BPL: Germany is now generating more electricity from renewables than from coal.

Mike Dombroski said...

Jan, first of all, I obviously mean the town with the mayor who looks like the late Mickey Rooney. Second, you're probably right, that I don't understand renewable energy, at least how it works in your YouTube links. There must be some subtle nuances that escape me.

Whenever I listen to RE advocates or read sites like Cleantechnica.com, I get a very strong sense of what is often referred to as the "hard sell". The kind of writing on RE that makes sense to me, is that by people like physicist, Mark Mills:

https://www.manhattan-institute.org/green-energy-revolution-near-impossible

Mike Dombroski said...

BPL,

"Solar thermal plants with molten salt heat storage in California have already achieved better on-line time than neighboring coal-fired plants."

What is "on-line time"? California has "neighboring coal-fired plants"?

" Germany is now generating more electricity from renewables than from coal."

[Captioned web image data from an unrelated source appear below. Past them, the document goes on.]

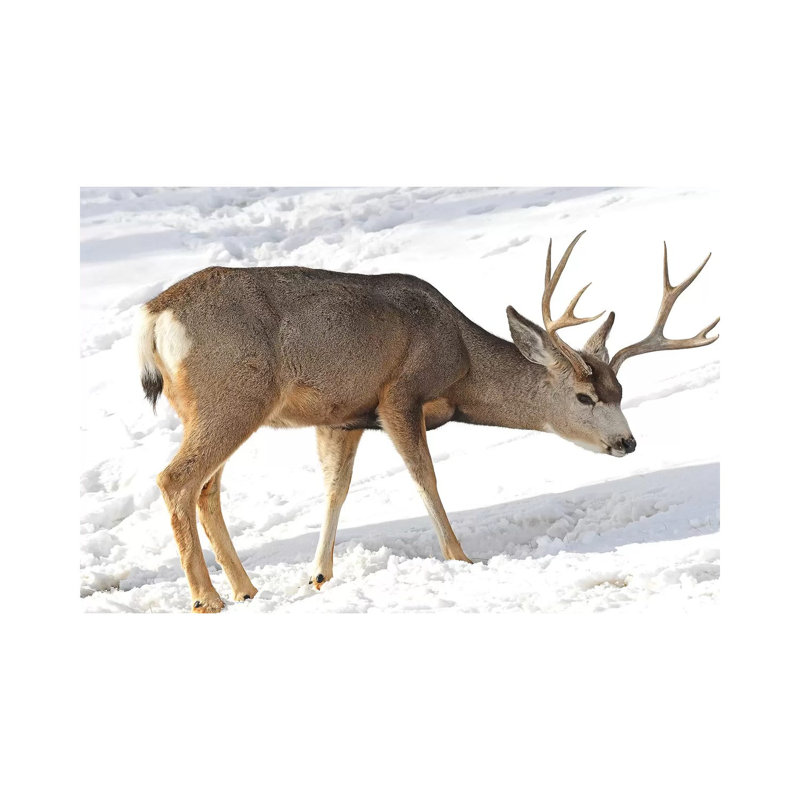Mule Deer by Brian Wolf - Wrapped Canvas Print, 20.32 cm H x 30.48 cm W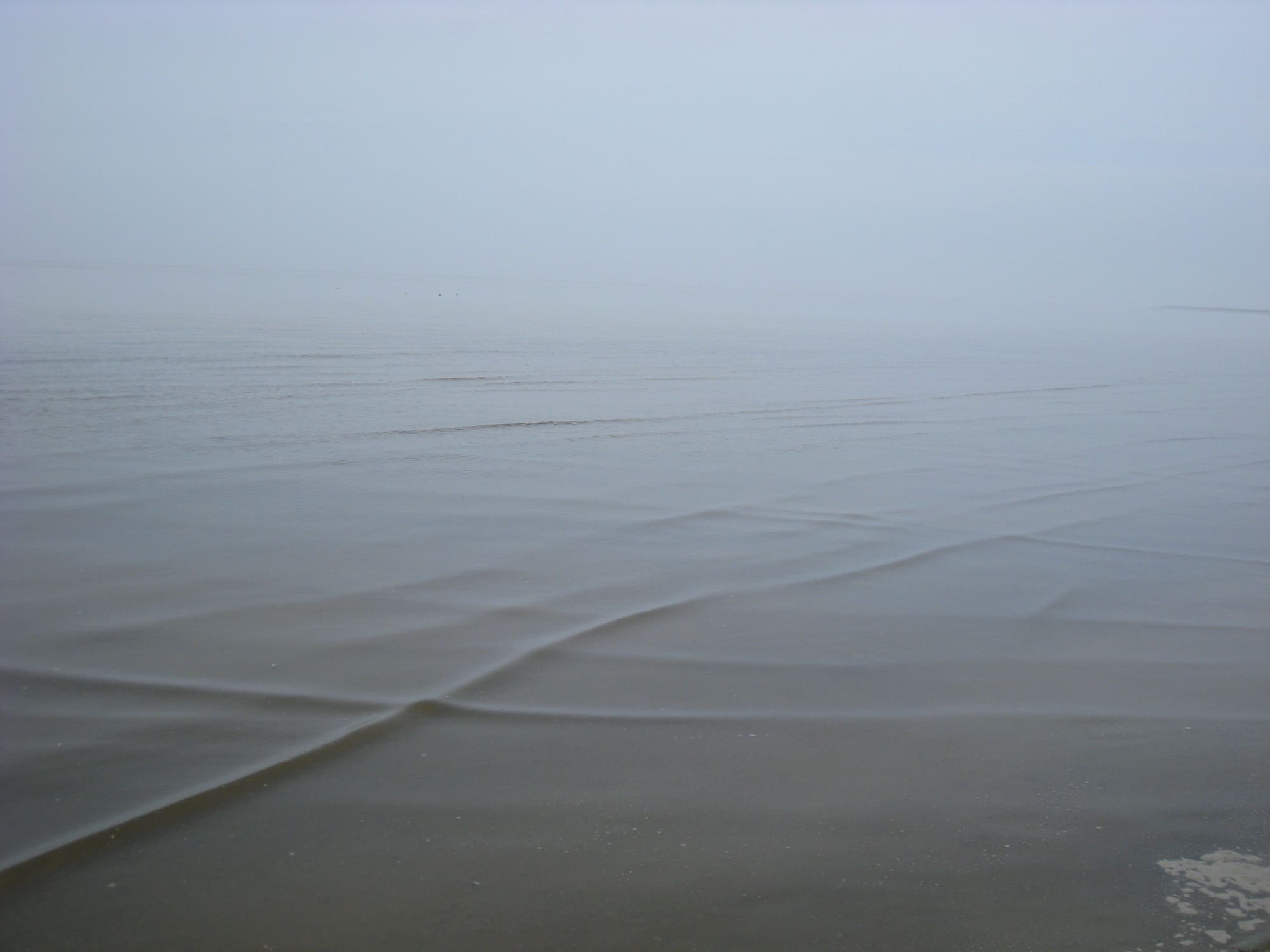 Foto flacher Wellen in Ufernähe im Watt, die sich kreuzweise durchdringen.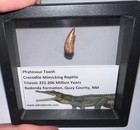 Framed Phytosaur Fossil Tooth Lot Triassic Dinosaur Era Reptile  One Per Order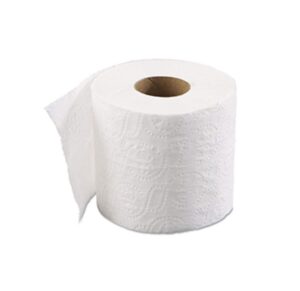 102527 PAPIER HYGIÉNIQUE PURE VALUE 48 X 500F 2 PLIS
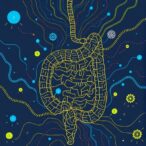 how-your-housemates-might-be-altering-your-gut-microbiome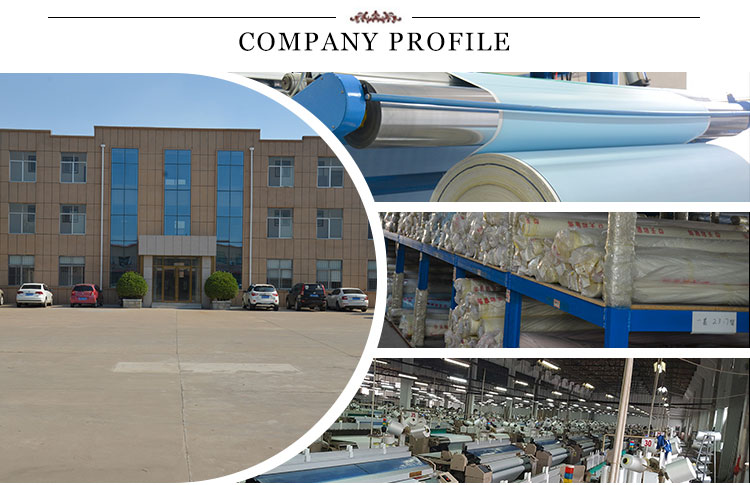 Window blinds,Digital printing roller shades,high quality printed blinds with latest design,zebra roller blinds fabric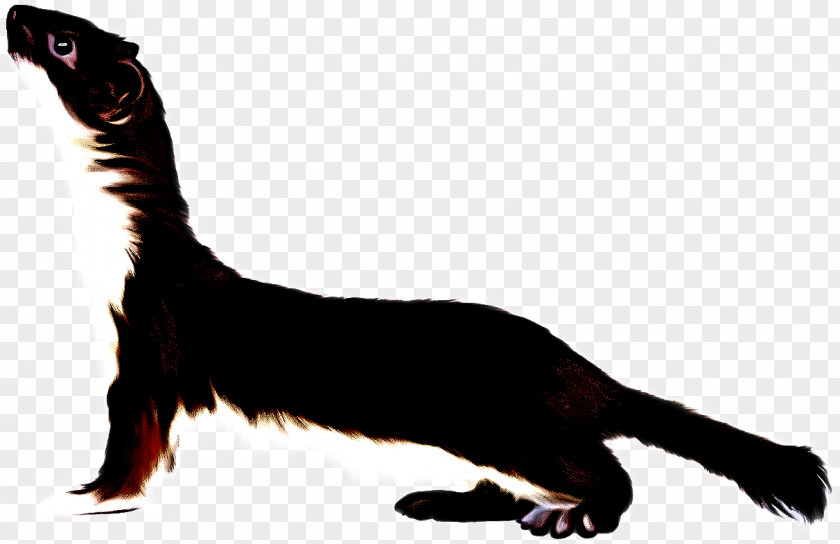 Animal Figure Oriental Longhair Tail Cat Claw PNG
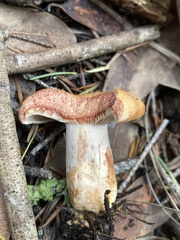 Lactarius rubrilacteus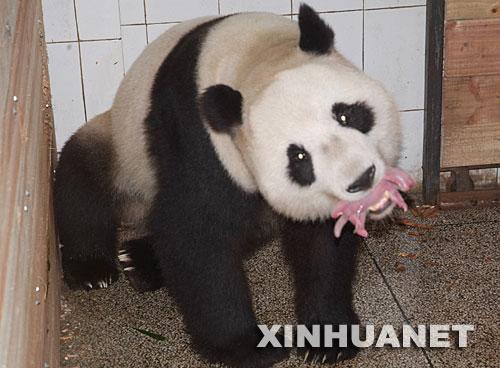卧龙大熊猫产下地震后首对双胞胎(图)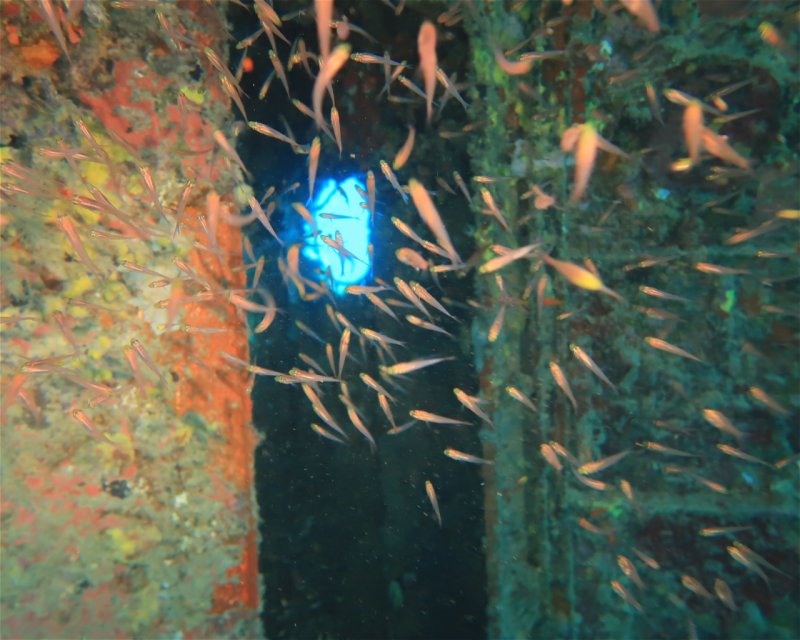 Divesite Image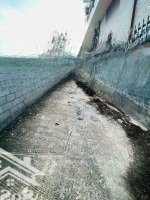Bán Đất Phước Lộc Gần Nhà Văn Hoá Phước Lộc -Diện Tích101M2 - Cách Đường Chính 20M - Giá Bán 1 Tỷ 450 Tr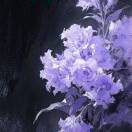 唯希墨曦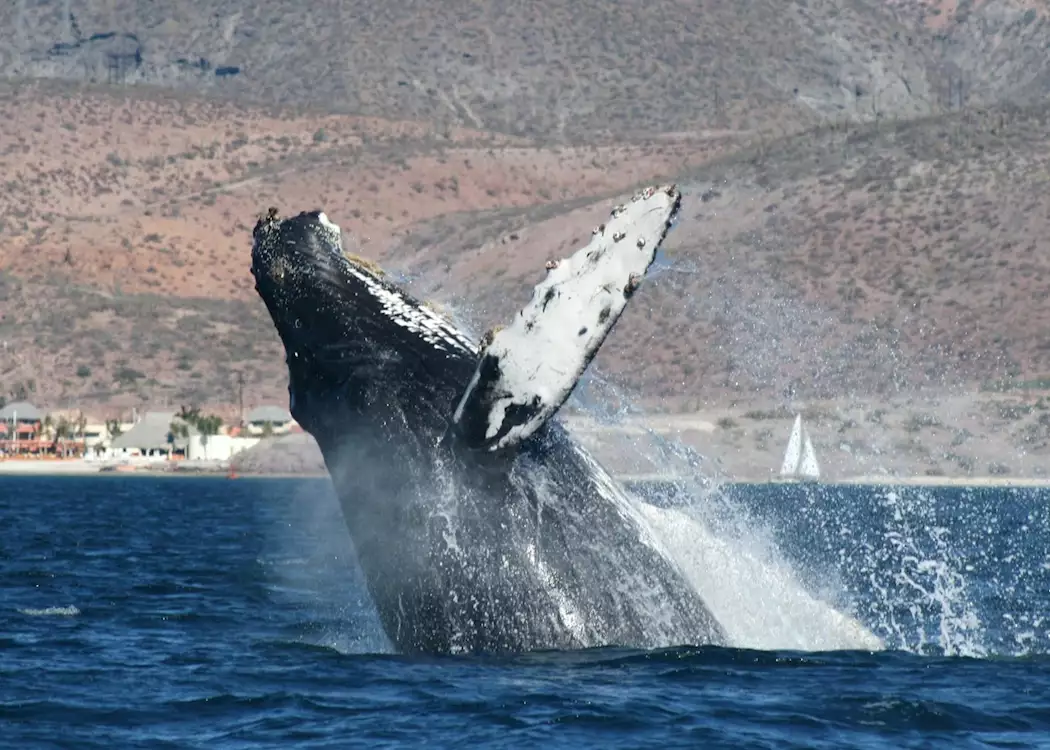 Humpback whale breaching, Baja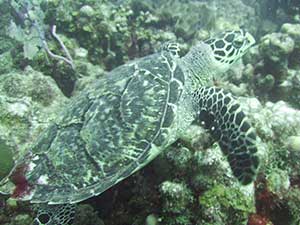 HAWKSBILL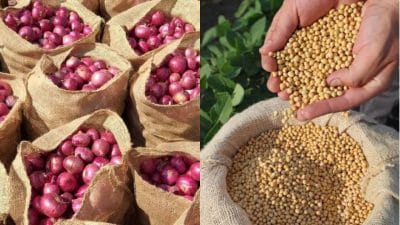 Market Price: कांदा आणि सोयाबीनच्या दरात उलथापालथ; आज कुठे अन् किती दर?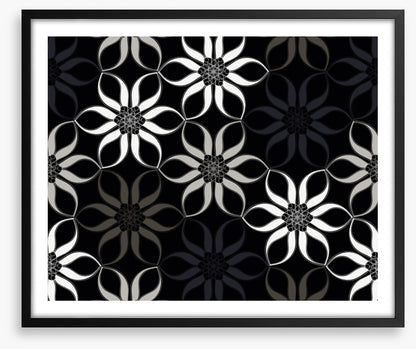 Shadow blooms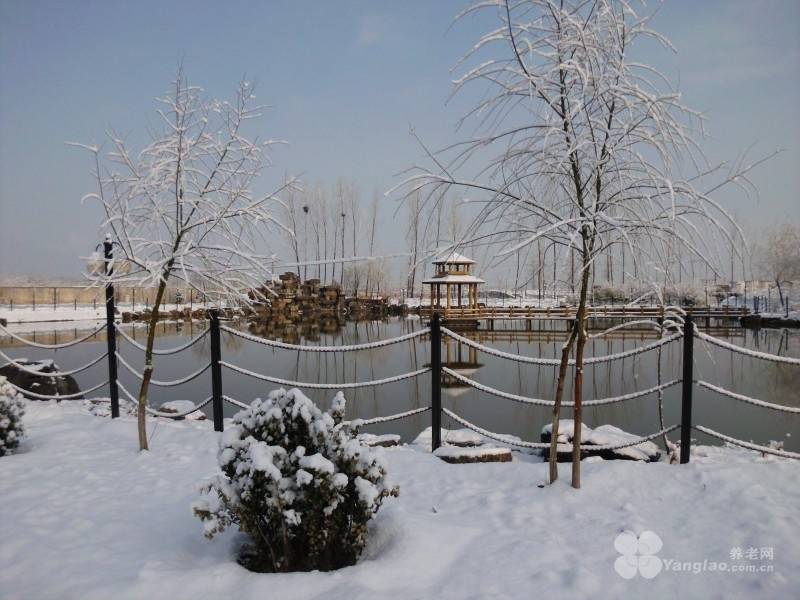 型交通便利适合半自理长者短期托管与康复休养2026最新麻将胡了2试玩模拟器鲁谷和悦会养老照料中心：社区嵌入(图26)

That's kind of a euphemistic way of saying that their largest source of electricity is still coal, but it's starting to be replaced by Russian gas. If you want to count renewable energy as one source, don't forget it includes a lot of hydro and CO2 emitting biomass.

Jan Galkowski said...

@Canman,

Y'need to do the calculations yourself. There's plenty out there to enable you to do so.

And if you still don't buy it, you and your physicists friend will just miss out, which is fine with me.

Something about laughing all the way to the bank.

This conversation is ended. WOT.

Barton Paul Levenson said...

C: If you want to count renewable energy as one source, don't forget it includes a lot of hydro and CO2 emitting biomass.

BPL: CO2 from biomass is taken out of the air in the first place, so it doesn't add to net CO2 in the atmosphere.